━━━━━ MATERIAL PROVIDED ━━━━━
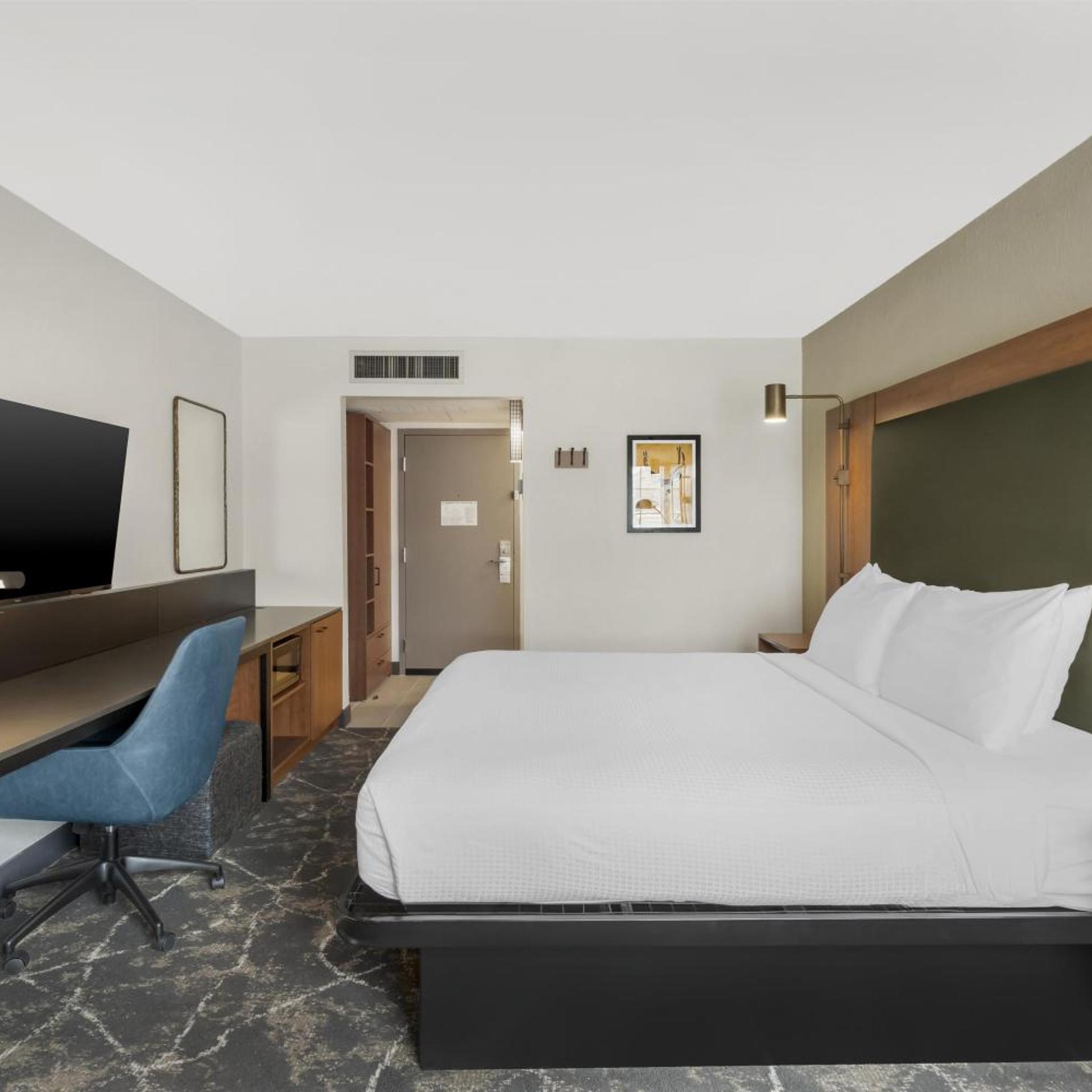 Standard, King Bed, North Tower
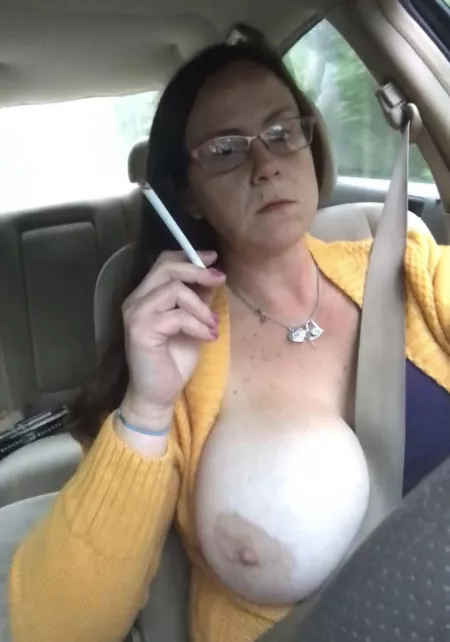 Big titty smoking vs120 by joe123s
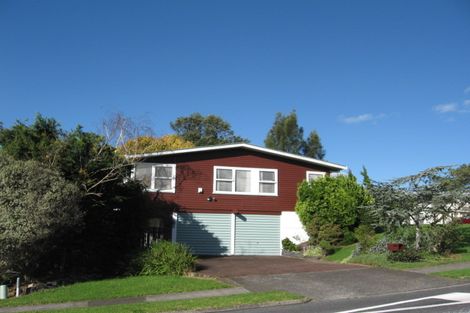 Photo of property in 2 Fleur Avenue, Pakuranga Heights, Auckland, 2010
━━━━━
» ASSIGNMENT
Repeat the listing verbatim, pictures excluded.

» OUTPUT OF THE TASK
 Standard, King Bed, North Tower
 Big titty smoking vs120 by joe123s
 Photo of property in 2 Fleur Avenue, Pakuranga Heights, Auckland, 2010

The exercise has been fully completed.